If you thought I couldn't have a worse-sounding live tape than the previous post, I am about to prove you wrong. However, as I said before, don't let the sound quality put you off, especially when we are dealing today with two classical, genre-defining bands like Antisect and Sacrilege.

Sometimes, it is difficult to step back and try to describe bands one has loved for so long. If you have never heard Antisect and Sacrilege, I envy you since you'll be in for quite a discovery. If you have (as it is more likely), you'll be happy to hear live performances of both bands at the peak of their abilities and if the sound doesn't do them justice, I'm sure you understand that the recording conditions of the time and place didn't really allow for a top-quality job.
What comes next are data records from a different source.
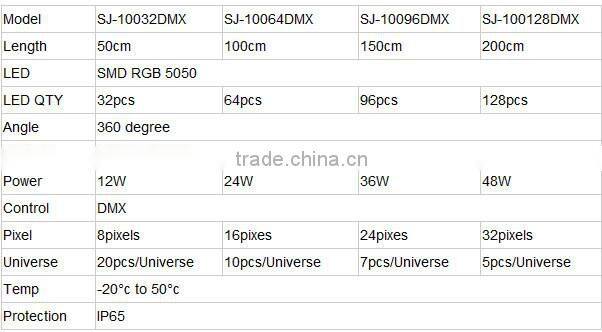 dj music control dmx led light tubes dc24v 64leds/m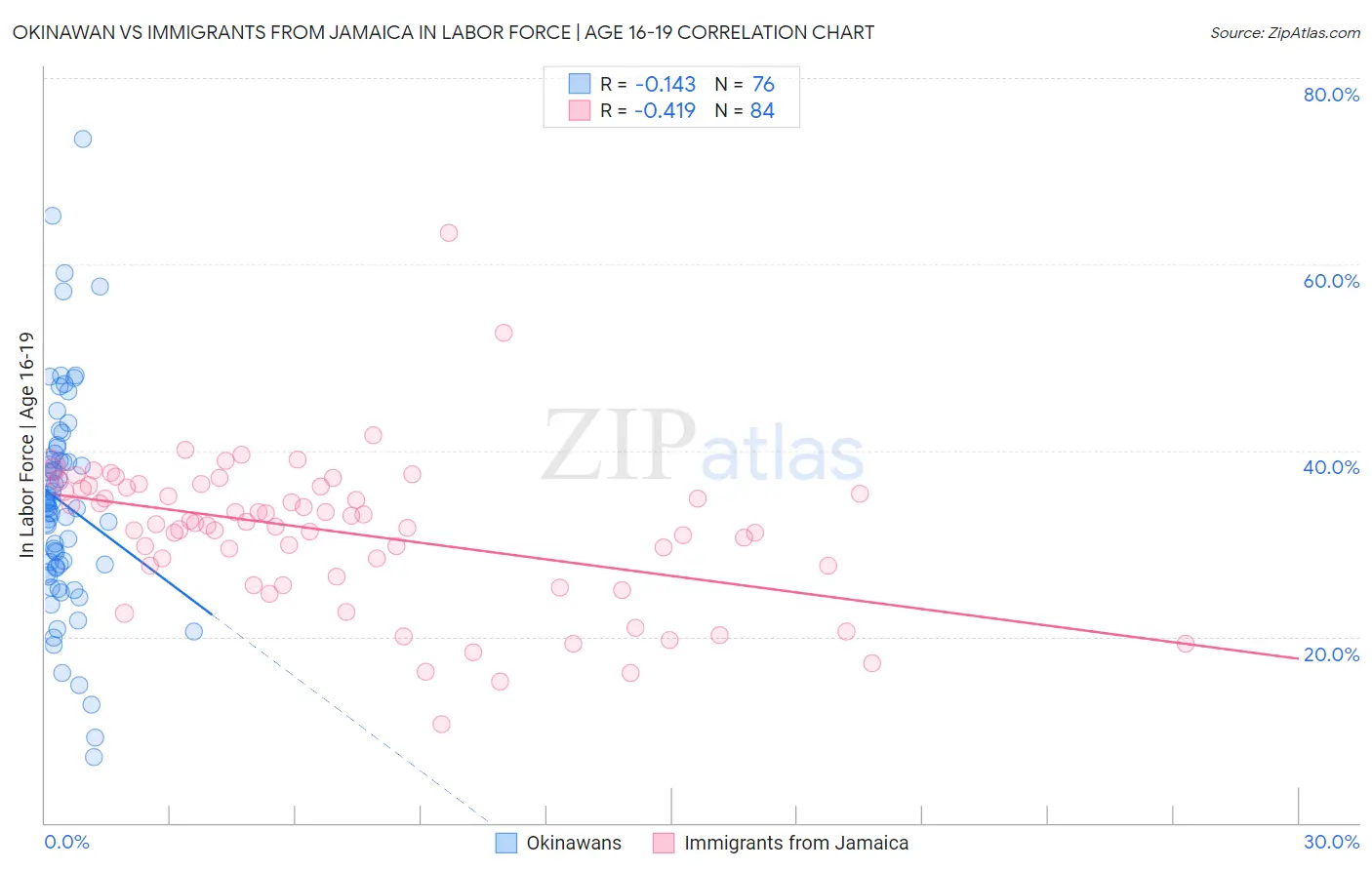 Okinawan vs Immigrants from Jamaica In Labor Force | Age 16-19
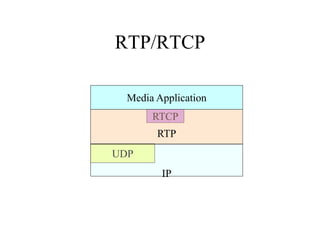 RTP_RTCP.ppt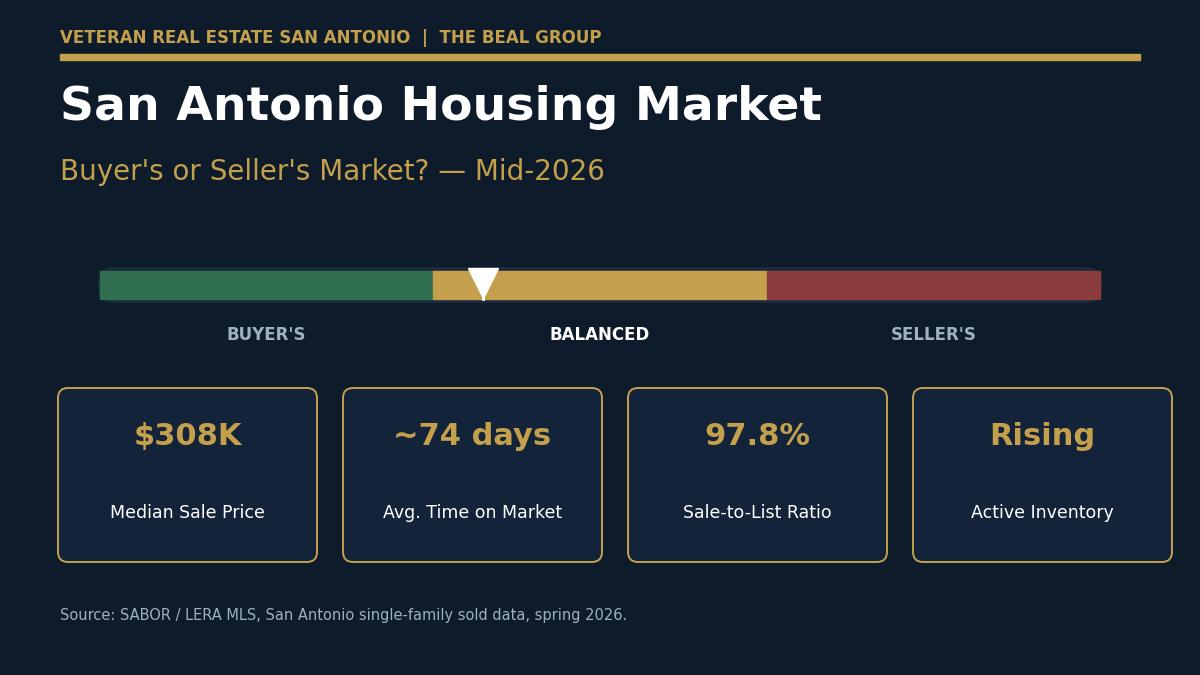 Is San Antonio a Buyer's or Seller's Market in 2026?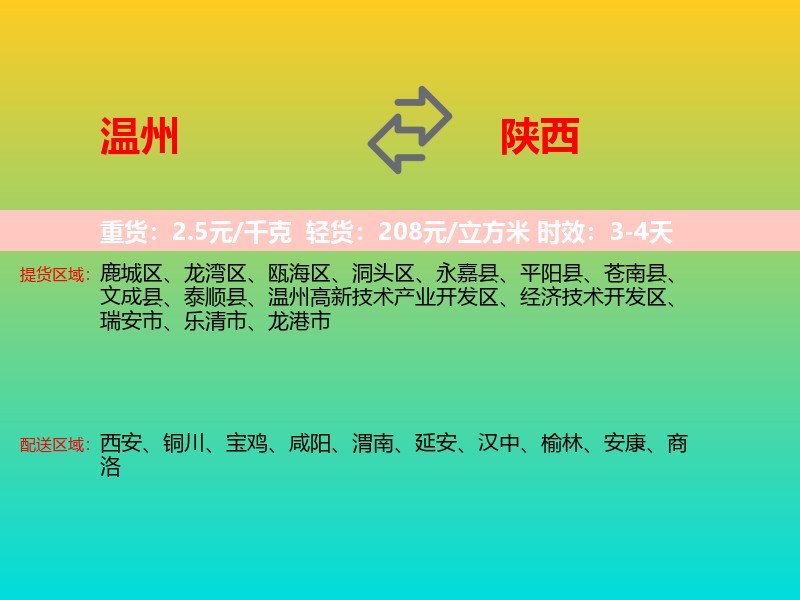 温州到陕西长途搬家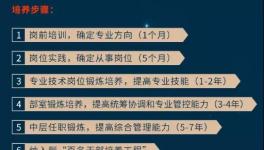 10000元月薪“有假”！ 水泥廠陷入“招工難”！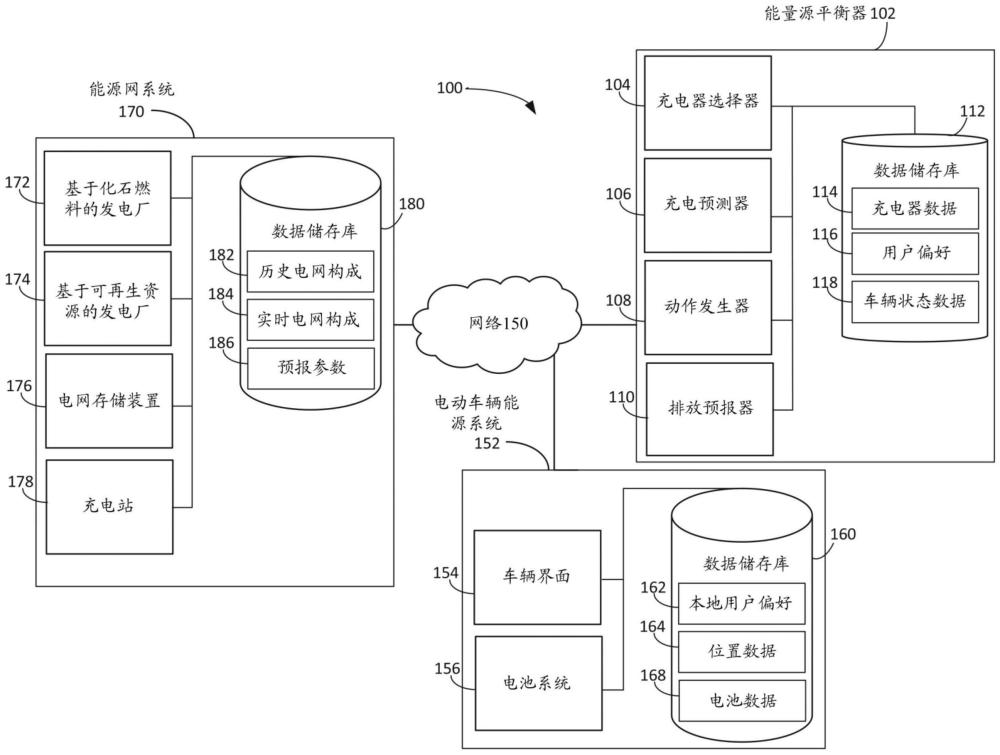 能量源平衡器的制作方法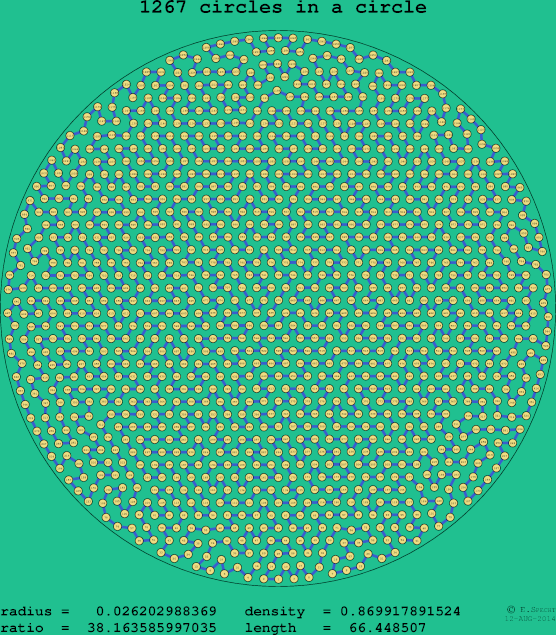 1267 circles in a circle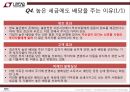 Linear Tech 배당 정책 12페이지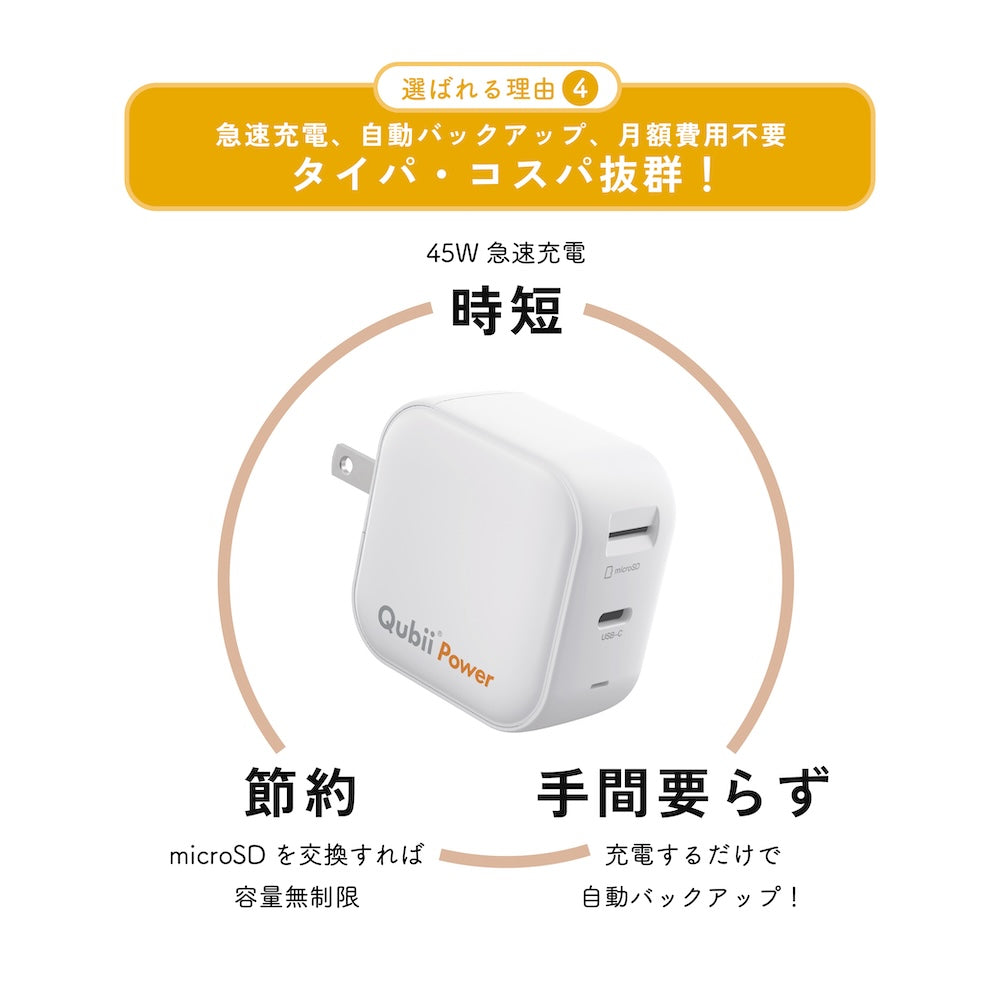 Qubii Power SE – Maktar Japan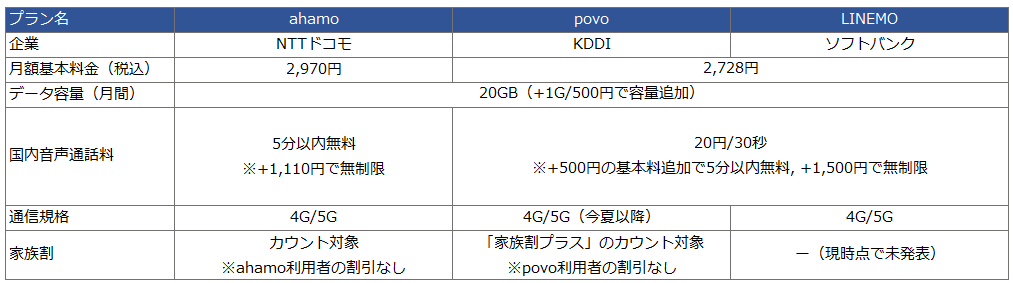 携帯の新料金プラン、ahamo・povo・LINEMOのデジタル集客を調査！初速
Antisect is probably my favourite band. All rational thinking goes down the drain when I think about them. The funny thing is that I loved them before I even got to listen to them. Though it's probably of no interest to anyone but me, let me tell you my Antisect story. The first time I read their name, was on a distro list I took from a record stand at a festival in Geneva in 2002. The distro was called Missing the Point and I later realized it was run by Jules from Substandard and Constant State of Terror (two very fine bands indeed). There were tons of records and bands I didn't know about on there as I was pretty much starting to get into anarcho-punk (I have always been a late bloomer). And there was a patch section. Browsing through this section I noticed a strange band-name, Antisect, but what really caught my attention was the font. It was mysterious, beautiful, dark and very intense. For some reason, I just knew that I was going to love this, not in your usual colloquial sense, but truly love the band. Antisect quickly became an obsession, I wanted to hear so badly but no one around me seemed to know about them. I finally met an older punk who had the records so I went to his place with a tape and recorded "In darkness there is no choice" and "Peace is better than a place in history". I was of course completely taken although it did take me a few years to really appreciate their metal period (the notion that punks could even listen to metal music was totally alien to me back then). Since then, I have become even more obsessed with them, a passion that the book "The day the country died" only made more intense. Finally, I got to see them three times and hang out with them a couple of months ago, and they are lovely chaps. And they like cheese pizzas.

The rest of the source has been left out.